» **Task statement**
Word for word, transcribe the data below from the line with "2 Pcs Kein Verschleiß" to the line with "Transformers Generations War", keeping both of those lines.

(Collected data)
>>>>>

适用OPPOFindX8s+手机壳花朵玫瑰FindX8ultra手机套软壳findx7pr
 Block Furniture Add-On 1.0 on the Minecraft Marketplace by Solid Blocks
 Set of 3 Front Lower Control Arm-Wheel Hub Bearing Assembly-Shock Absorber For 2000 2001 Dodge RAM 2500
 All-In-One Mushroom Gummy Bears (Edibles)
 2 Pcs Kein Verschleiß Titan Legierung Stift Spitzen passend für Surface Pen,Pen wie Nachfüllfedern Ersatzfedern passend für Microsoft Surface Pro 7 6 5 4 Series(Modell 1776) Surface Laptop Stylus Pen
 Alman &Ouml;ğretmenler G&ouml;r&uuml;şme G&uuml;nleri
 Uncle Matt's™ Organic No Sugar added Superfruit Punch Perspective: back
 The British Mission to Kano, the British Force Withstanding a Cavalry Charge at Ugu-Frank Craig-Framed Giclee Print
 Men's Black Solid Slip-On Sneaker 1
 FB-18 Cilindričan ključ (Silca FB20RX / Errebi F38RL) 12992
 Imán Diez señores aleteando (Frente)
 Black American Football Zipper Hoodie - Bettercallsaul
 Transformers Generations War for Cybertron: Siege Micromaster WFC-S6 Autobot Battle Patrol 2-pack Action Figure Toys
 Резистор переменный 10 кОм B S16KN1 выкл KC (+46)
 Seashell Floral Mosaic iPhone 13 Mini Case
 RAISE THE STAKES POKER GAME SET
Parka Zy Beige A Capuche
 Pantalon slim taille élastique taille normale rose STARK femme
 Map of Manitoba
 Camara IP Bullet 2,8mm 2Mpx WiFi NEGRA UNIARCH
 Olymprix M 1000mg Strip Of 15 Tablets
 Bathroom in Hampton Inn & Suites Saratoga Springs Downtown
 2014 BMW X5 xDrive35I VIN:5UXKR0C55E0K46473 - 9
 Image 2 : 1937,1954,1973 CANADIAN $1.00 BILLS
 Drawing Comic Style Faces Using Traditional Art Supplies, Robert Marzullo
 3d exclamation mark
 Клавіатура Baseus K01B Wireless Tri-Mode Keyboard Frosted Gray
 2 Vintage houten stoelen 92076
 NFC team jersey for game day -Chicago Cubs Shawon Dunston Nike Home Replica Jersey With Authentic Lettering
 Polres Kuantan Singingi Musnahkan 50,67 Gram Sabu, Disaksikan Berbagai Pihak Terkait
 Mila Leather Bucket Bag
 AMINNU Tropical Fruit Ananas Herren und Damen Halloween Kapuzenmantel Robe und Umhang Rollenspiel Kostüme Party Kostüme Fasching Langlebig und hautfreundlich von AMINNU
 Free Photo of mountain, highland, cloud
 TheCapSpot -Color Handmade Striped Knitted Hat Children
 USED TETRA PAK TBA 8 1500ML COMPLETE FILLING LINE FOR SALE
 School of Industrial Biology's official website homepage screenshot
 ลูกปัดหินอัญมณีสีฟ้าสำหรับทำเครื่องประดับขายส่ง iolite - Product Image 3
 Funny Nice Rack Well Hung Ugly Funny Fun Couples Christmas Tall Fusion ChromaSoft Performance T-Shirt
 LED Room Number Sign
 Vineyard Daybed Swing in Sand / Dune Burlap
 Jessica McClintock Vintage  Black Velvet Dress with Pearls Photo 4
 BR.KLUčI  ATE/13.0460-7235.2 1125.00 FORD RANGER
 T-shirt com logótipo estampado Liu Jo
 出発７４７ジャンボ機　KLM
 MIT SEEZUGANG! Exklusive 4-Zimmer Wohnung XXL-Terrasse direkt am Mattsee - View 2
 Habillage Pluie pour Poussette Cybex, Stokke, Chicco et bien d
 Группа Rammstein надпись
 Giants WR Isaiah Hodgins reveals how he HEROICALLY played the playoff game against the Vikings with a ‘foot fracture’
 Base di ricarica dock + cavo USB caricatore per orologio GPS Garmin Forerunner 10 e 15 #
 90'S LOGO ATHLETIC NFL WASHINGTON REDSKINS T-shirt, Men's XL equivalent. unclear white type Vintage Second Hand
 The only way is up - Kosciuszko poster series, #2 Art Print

<<<<<

» **Completed task**
 2 Pcs Kein Verschleiß Titan Legierung Stift Spitzen passend für Surface Pen,Pen wie Nachfüllfedern Ersatzfedern passend für Microsoft Surface Pro 7 6 5 4 Series(Modell 1776) Surface Laptop Stylus Pen
 Alman &Ouml;ğretmenler G&ouml;r&uuml;şme G&uuml;nleri
 Uncle Matt's™ Organic No Sugar added Superfruit Punch Perspective: back
 The British Mission to Kano, the British Force Withstanding a Cavalry Charge at Ugu-Frank Craig-Framed Giclee Print
 Men's Black Solid Slip-On Sneaker 1
 FB-18 Cilindričan ključ (Silca FB20RX / Errebi F38RL) 12992
 Imán Diez señores aleteando (Frente)
 Black American Football Zipper Hoodie - Bettercallsaul
 Transformers Generations War for Cybertron: Siege Micromaster WFC-S6 Autobot Battle Patrol 2-pack Action Figure Toys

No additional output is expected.